What does this mean?
Samsung Electronics — the world’s largest manufacturer of smartphones — has had a rough go of it in the past two years: its parent company was implicated in a massive corruption scandal involving the former president of South Korea, German horseback riding and the resignation of several high-level executives. And who could forget the incredible exploding Note 7?
Still, Samsung Electronics has managed to report growing profits in the past year, thanks to booming sales of its memory chips and OLED screens, which are also used by many of its competitors in the smartphone market (including, yes, Apple’s much-vaunted iPhone X). And even though Samsung’s fourth-quarter profits are expected to come in below expectations, they would nonetheless mark a record high for the company.
Why should I care?
The bigger picture: The smartphone market is looking a bit tapped out these days. (tweet this)
Samsung will confirm its forecasts in the near future, and experts are eager to see how they measure up against Apple’s own official earnings report, due out on February 1. Some are predicting that both companies will report a sluggish market for smartphones, and the big names’ bottom lines aren’t expected to get any chunkier with Chinese rivals like Huawei expanding their reach (though not to the US, yet).

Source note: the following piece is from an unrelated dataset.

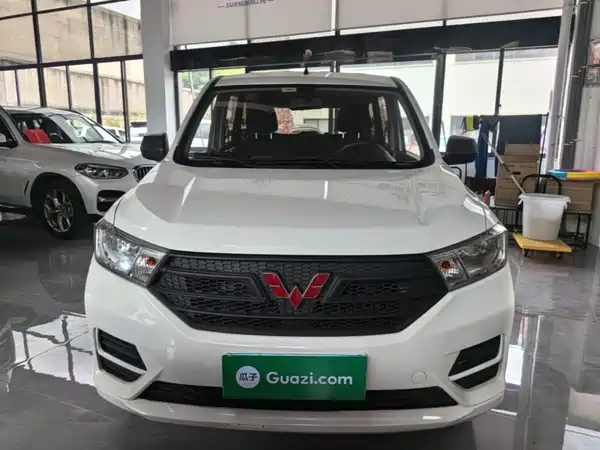 Wuling Hongguang 2024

For markets: Shareholders may be in for a leaner year.
Samsung shares rose almost 50% last year, although they sold off from November onwards — and 2018 looks like it will be a more challenging year. As well as potentially slowing smartphone sales (Samsung is expected to launch a competitor to the iPhone X in February), prices of the memory chips that helped boost Samsung’s profits throughout the middle of 2017 have leveled off.